Figure 1: Hemp and mushroom processing with integrated biorefinery approach and the concept of circular 
economy.  

2. Experiments
Raw materials were smashed using stainless steel mini laboratory grinder and sieved into desired particle sizes 
(0.5 mm) with laboratory wire mesh sieve. In this study, 10 % mass ratio (w/v) of substrates were considered. 
In the autohydrolysis pretreatment, IHR or SMS was briefly mixed with water at room temperature. Thermal and 
thermochemical hydrolysis were undergone at 121 °C for 30 min, with the addition of 5 % (w/v) oxalic acid in 
the latter condition, using individual and various mix ratios (0-100 %) of IHR and/or SMS (Table 1). Hydrolysates 
were separated from the solid residues through centrifugation (10,000 rpm, 20 min) and filtered by Whatman 
no. 1 filter paper. The recovered solids were dried in the oven at 50 °C for 24 h. These hydrolysates and solids 
were then used for further analyses and characterizations. Raw materials and solid residues of the pretreated 
IHR and SMS were analyzed by scanning electron microscope (SEM) as elucidated elsewhere (Luo et al., 2021) 
using Hitach SU8010 Cold Field Emission SEM with secondary electron resolution of 1.3 nm.   

3. Result and discussion
Raw SMS could contain up to (in %) 48.7 cellulose, 34 hemicellulose, and 39.8 lignin depending on the source 
of mushroom cultivation medium (Koutrotsios et al., 2014). Likewise, raw IHR content analysis resulted (in %) 
44.5 cellulose, 32.78 hemicellulose, and 21.03 lignin (Stevulova et al., 2014). In line with this, different 
pretreatment methods have been evaluated for valorisation of these bioresources. It is clear that autohydrolysis 
and thermal hydrolysis pretreatment methods are relatively cost effective and they can also avoid generation of 
unwanted byproducts due to the absence of chemicals.

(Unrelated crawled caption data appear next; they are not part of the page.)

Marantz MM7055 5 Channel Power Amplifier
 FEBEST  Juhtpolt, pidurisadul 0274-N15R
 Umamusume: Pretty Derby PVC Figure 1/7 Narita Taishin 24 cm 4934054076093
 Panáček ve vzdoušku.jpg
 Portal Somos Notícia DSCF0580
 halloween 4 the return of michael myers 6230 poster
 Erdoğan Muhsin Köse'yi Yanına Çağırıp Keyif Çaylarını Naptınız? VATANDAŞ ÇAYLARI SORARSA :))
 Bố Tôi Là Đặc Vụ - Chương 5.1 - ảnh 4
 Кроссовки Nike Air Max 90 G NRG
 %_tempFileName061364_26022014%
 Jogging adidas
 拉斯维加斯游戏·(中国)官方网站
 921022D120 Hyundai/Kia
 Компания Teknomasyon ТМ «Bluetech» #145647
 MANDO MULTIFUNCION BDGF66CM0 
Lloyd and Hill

Oxalic acid (OA) was employed in the thermochemical 
pretreatment. In recent years, organic acids such as OA have got more attentions in lignocellulosic pretreatment 

632



owning some interesting advantages such as high efficiency and selectivity, relatively low cost, and low 
equipment corrosion (Cheng et al., 2018). More interestingly, OA could be produced from bio-based resources 
(Jiang et al., 2016) and also it can be recovered and recycled (Cheng et al., 2018) in the pretreatment process, 
which makes the overall process greener and more sustainable.    
Some properties of IHR and SMS hydrolysates and solid residues were studied. Obviously, addition of OA 
during thermochemical pretreatment resulted enormous drop in the pH of the hydrolysates. The hydrolysates 
pH generally exhibited the following trend; autohydrolysis > thermal hydrolysis > thermochemical hydrolysis. It 
is clear that as the temperature rises, dissociation of water generates more H+ that will lead to decrease in pH 
value. Besides, the recovered solid residues were decreased after thermal pretreatment as compared with the 
autohydrolysis and thermochemical hydrolysis counterparts; and as the SMS percentage increases in the 
mixture with IHR (Table 1). Thermochemical pretreatment of IHR and SMS mixtures apparently increases the 
hydrolysate volume (Figure 2b, 3-9) as the respective residual solid content keeps decreasing (Table 1). These 
results explained the partial degradation of polysaccharides in the lignocellulosic biomass. Noticeably, in the 
case of IHR, the highest solid residues were recovered during thermochemical hydrolysis process. This is 
probably partly due to the formation of calcium oxalate precipitates (vom Stein et al., 2010) via interaction of OA 
with calcium from IHR. In general, the current study demonstrated that SMS was more degradable than IHR. 
The highest reducing sugar production (data not shown) was achieved when SMS was thermally hydrolysed 
followed by autohydrolysis method. Hence, blending SMS with IHR could provide synergistic effect by taking 
advantages of each other. Some of the benefits of co-hydrolysis (Lin et al., 2014) of high and low degradable 
biomass resources include regulate hydrolysis process, enhance degradation efficiency and nutrient contents, 
dilute inhibitors, improve buffering actions, and etc. (Chakraborty and Mohan, 2019). 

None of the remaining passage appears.